Repeat every record below exactly, omitting any pictures.
------ Input data
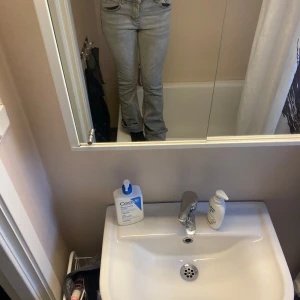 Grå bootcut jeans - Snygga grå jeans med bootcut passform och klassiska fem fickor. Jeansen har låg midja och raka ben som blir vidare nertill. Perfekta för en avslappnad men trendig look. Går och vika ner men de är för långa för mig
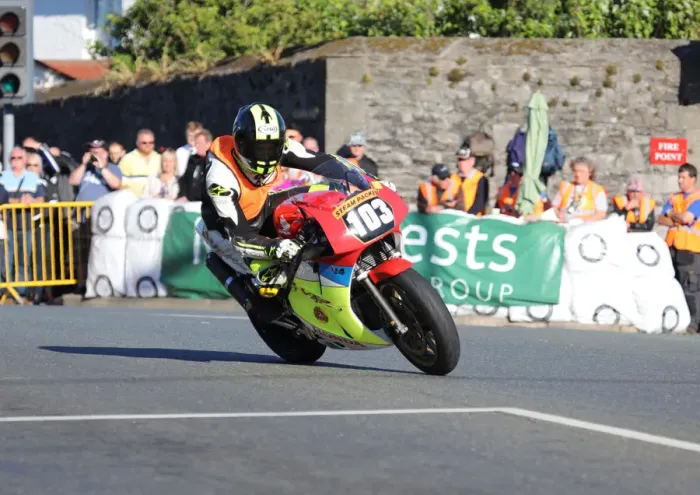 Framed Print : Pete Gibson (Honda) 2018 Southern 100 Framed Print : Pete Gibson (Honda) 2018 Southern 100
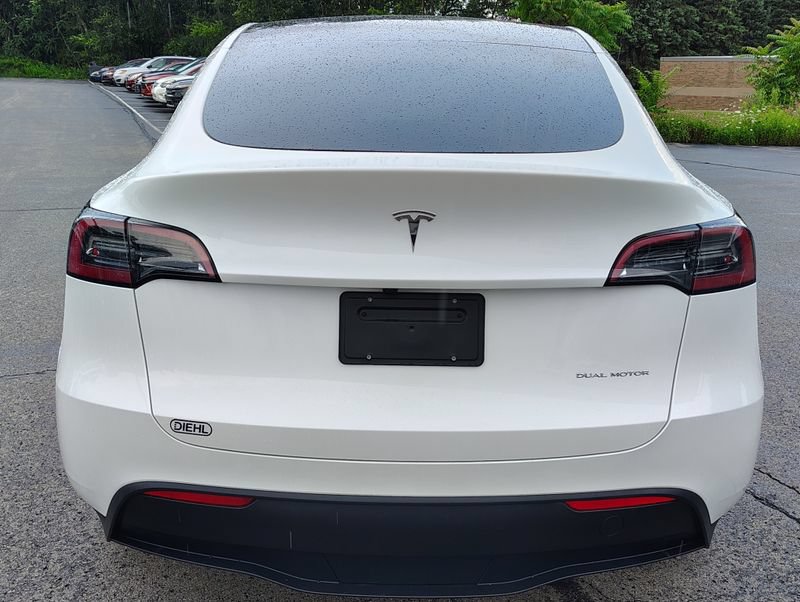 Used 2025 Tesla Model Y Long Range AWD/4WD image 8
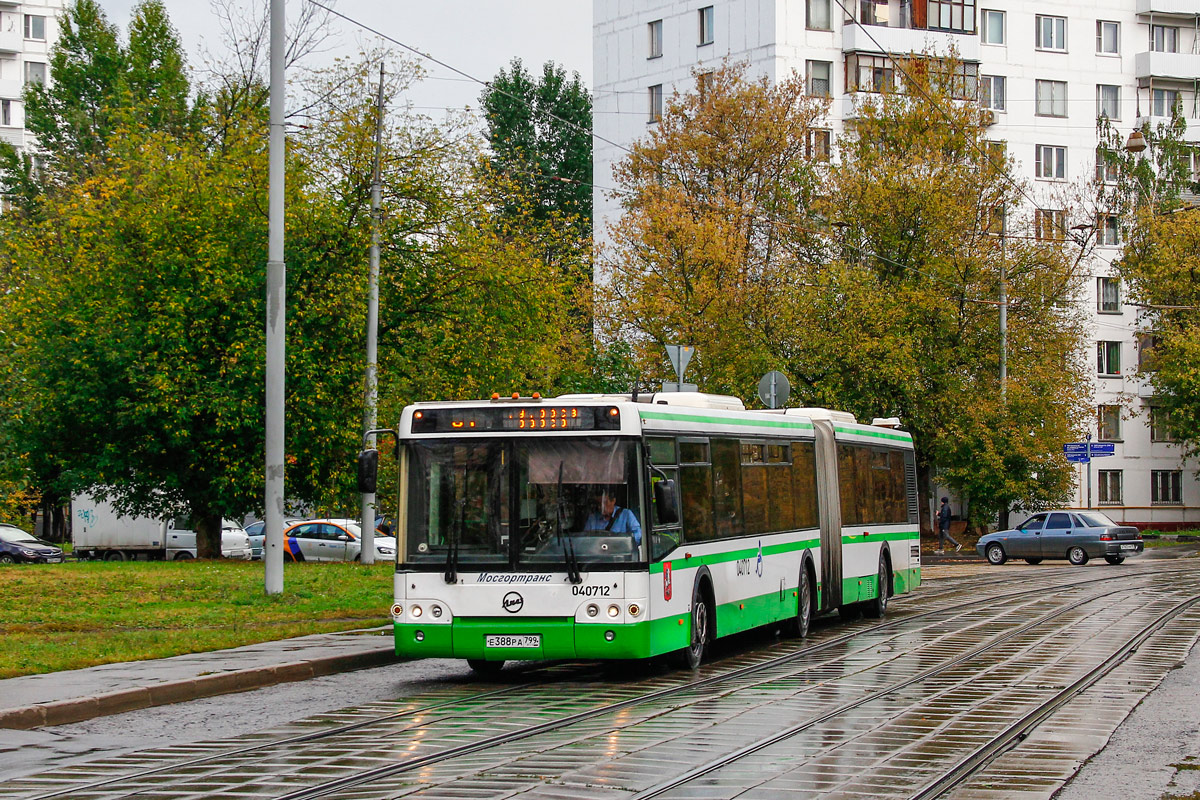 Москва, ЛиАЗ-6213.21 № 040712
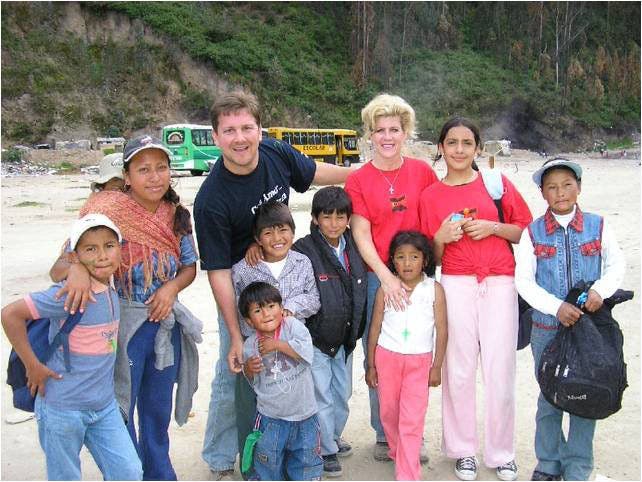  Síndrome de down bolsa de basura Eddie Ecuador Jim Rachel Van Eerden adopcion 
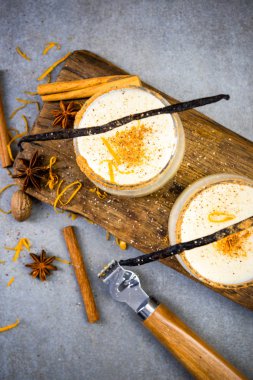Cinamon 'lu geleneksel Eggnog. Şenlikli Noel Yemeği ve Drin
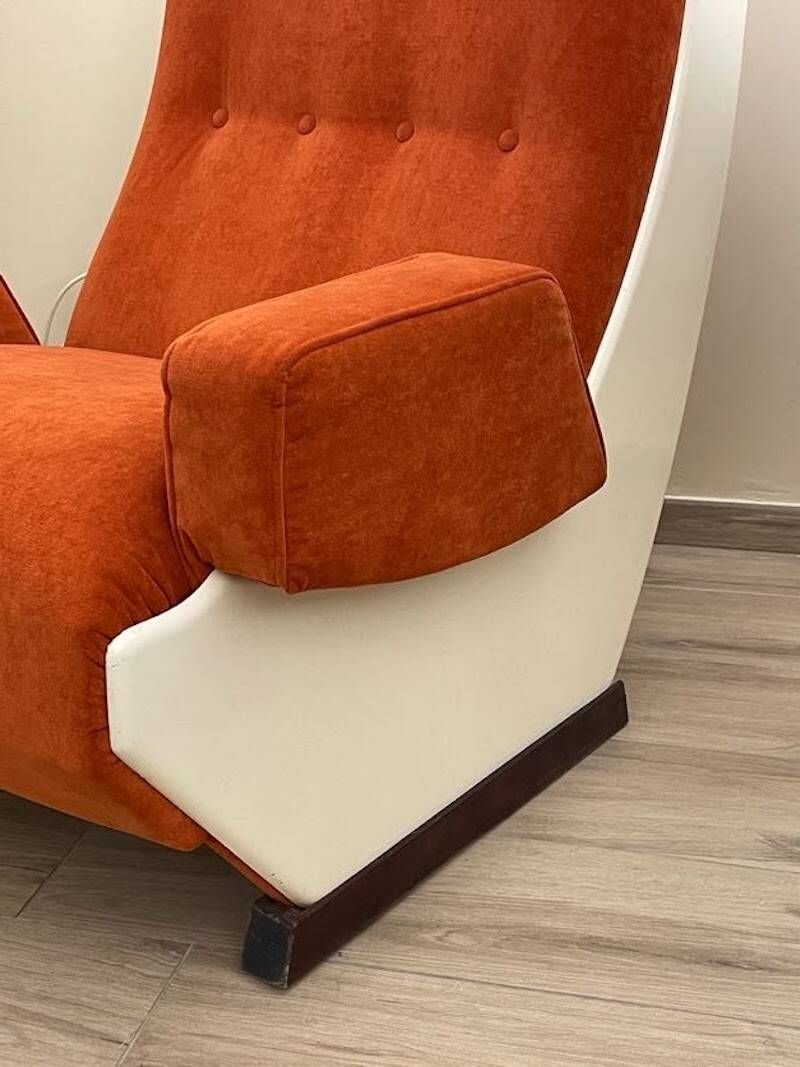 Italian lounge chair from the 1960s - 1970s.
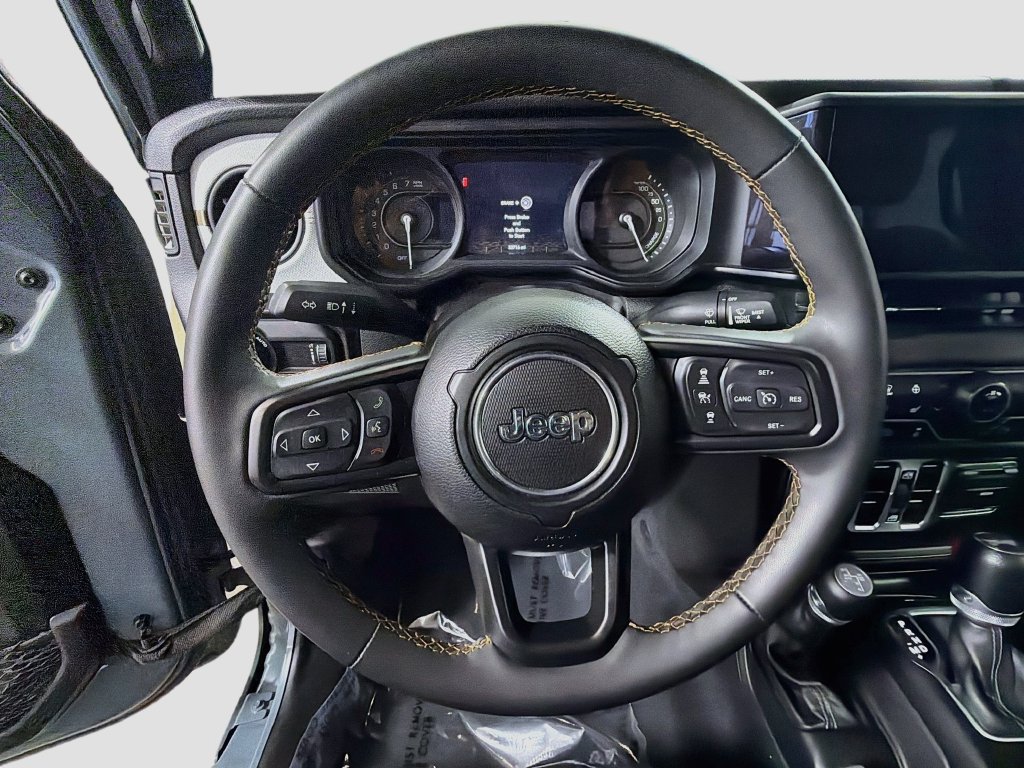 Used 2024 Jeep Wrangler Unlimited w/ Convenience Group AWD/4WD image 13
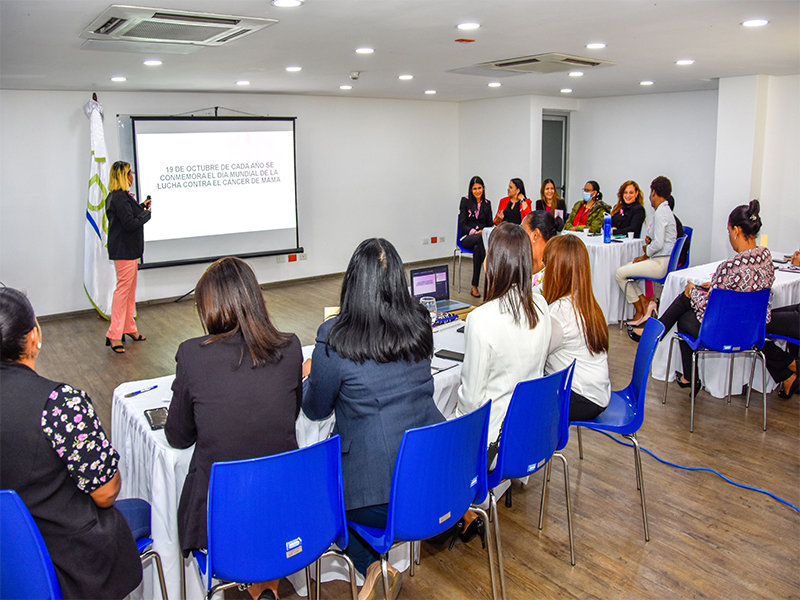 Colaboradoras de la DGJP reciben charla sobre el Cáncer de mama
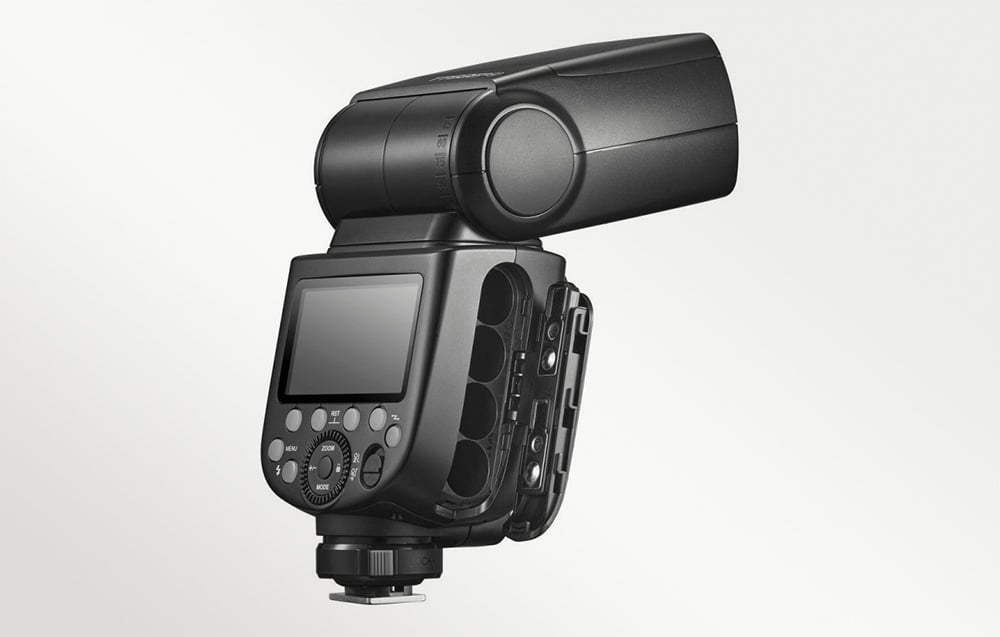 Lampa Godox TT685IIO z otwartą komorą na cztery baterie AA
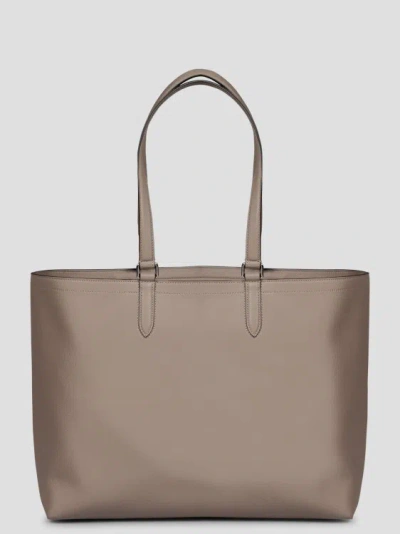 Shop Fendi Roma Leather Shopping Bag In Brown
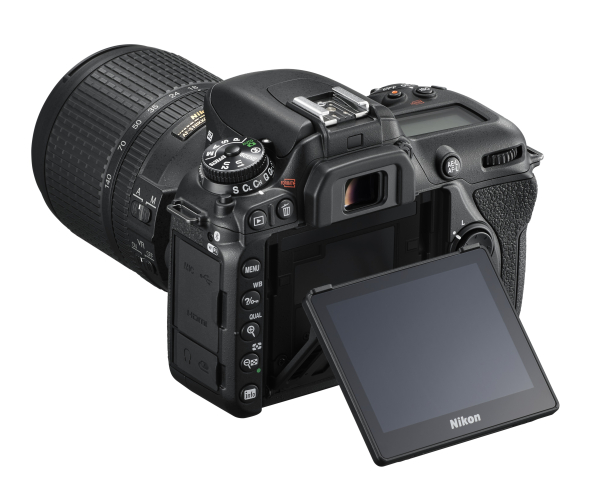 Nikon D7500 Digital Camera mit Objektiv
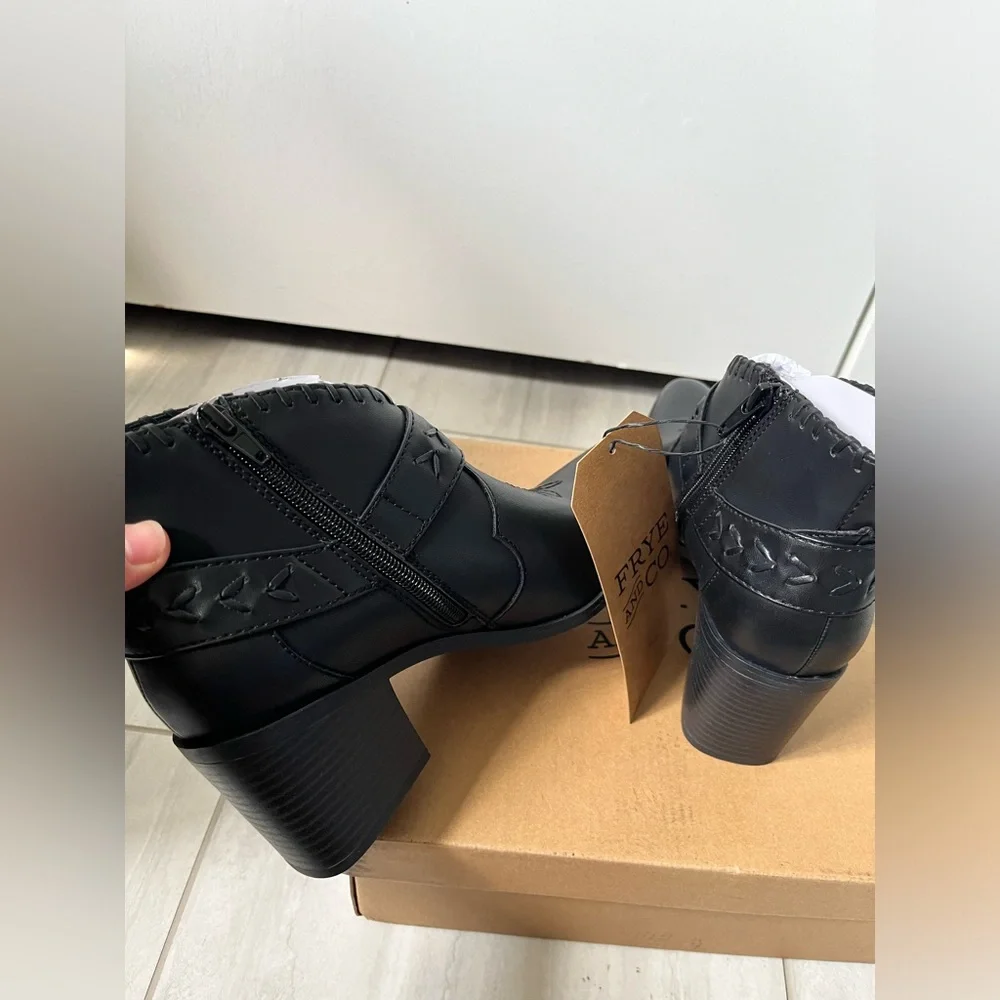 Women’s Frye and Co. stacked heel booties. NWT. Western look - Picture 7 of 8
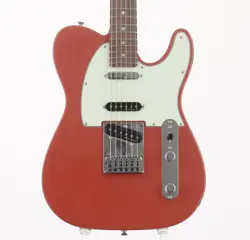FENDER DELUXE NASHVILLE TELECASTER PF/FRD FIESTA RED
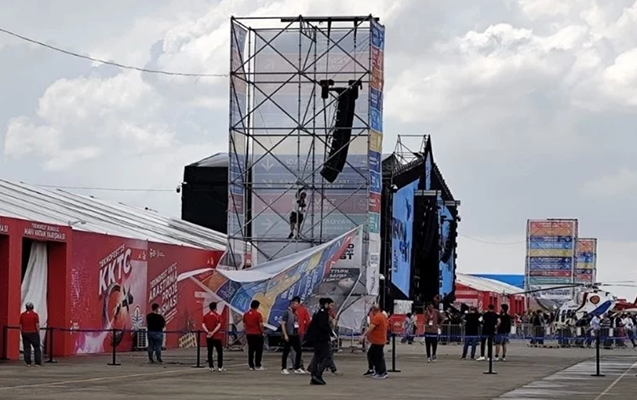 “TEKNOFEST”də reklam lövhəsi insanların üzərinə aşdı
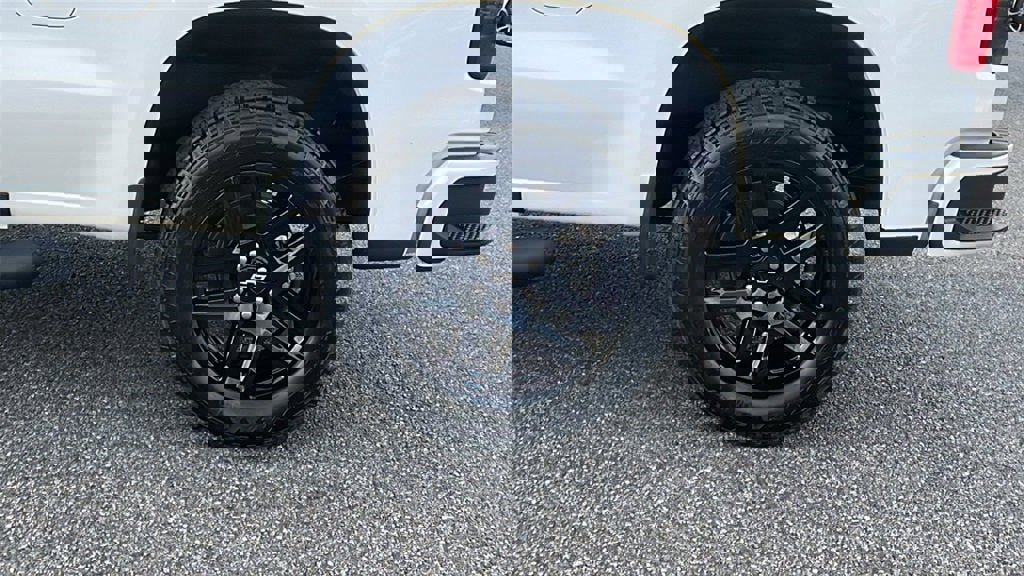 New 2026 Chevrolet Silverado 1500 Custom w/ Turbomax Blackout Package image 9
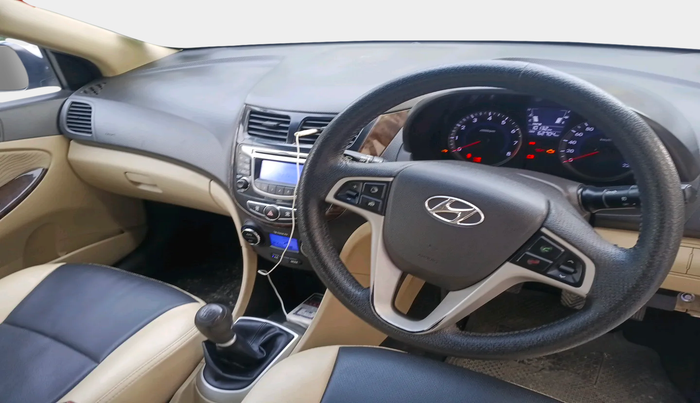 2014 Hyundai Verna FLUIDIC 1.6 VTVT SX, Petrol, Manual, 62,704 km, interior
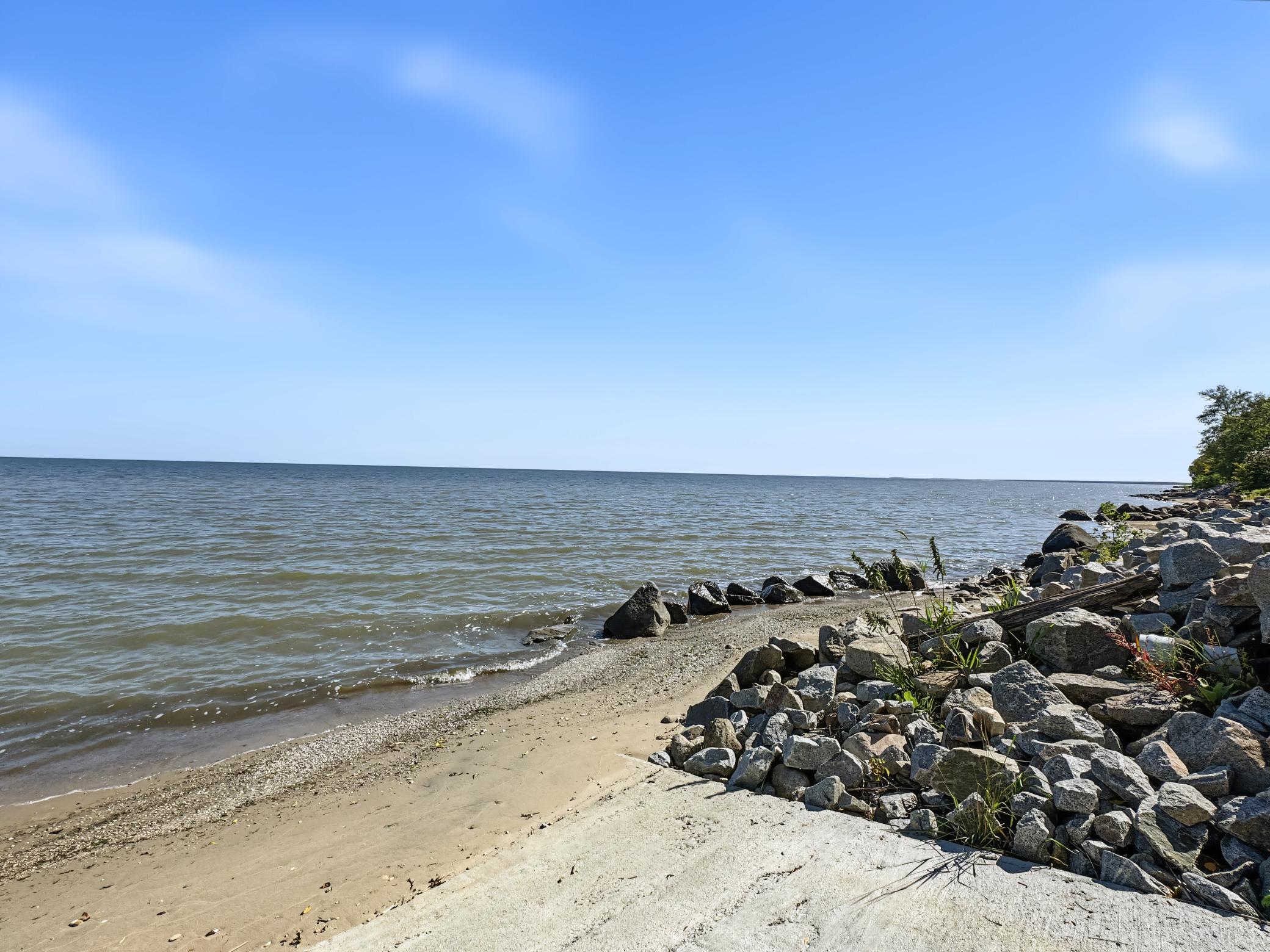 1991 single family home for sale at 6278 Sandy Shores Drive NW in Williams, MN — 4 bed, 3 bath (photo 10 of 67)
------------
#### Answer to this exercise:
 Grå bootcut jeans - Snygga grå jeans med bootcut passform och klassiska fem fickor. Jeansen har låg midja och raka ben som blir vidare nertill. Perfekta för en avslappnad men trendig look. Går och vika ner men de är för långa för mig
 Framed Print : Pete Gibson (Honda) 2018 Southern 100 Framed Print : Pete Gibson (Honda) 2018 Southern 100
 Used 2025 Tesla Model Y Long Range AWD/4WD image 8
 Москва, ЛиАЗ-6213.21 № 040712
  Síndrome de down bolsa de basura Eddie Ecuador Jim Rachel Van Eerden adopcion 
Cinamon 'lu geleneksel Eggnog. Şenlikli Noel Yemeği ve Drin
 Italian lounge chair from the 1960s - 1970s.
 Used 2024 Jeep Wrangler Unlimited w/ Convenience Group AWD/4WD image 13
 Colaboradoras de la DGJP reciben charla sobre el Cáncer de mama
 Lampa Godox TT685IIO z otwartą komorą na cztery baterie AA
 Shop Fendi Roma Leather Shopping Bag In Brown
 Nikon D7500 Digital Camera mit Objektiv
 Women’s Frye and Co. stacked heel booties. NWT. Western look - Picture 7 of 8
FENDER DELUXE NASHVILLE TELECASTER PF/FRD FIESTA RED
 “TEKNOFEST”də reklam lövhəsi insanların üzərinə aşdı
 New 2026 Chevrolet Silverado 1500 Custom w/ Turbomax Blackout Package image 9
 2014 Hyundai Verna FLUIDIC 1.6 VTVT SX, Petrol, Manual, 62,704 km, interior
 1991 single family home for sale at 6278 Sandy Shores Drive NW in Williams, MN — 4 bed, 3 bath (photo 10 of 67)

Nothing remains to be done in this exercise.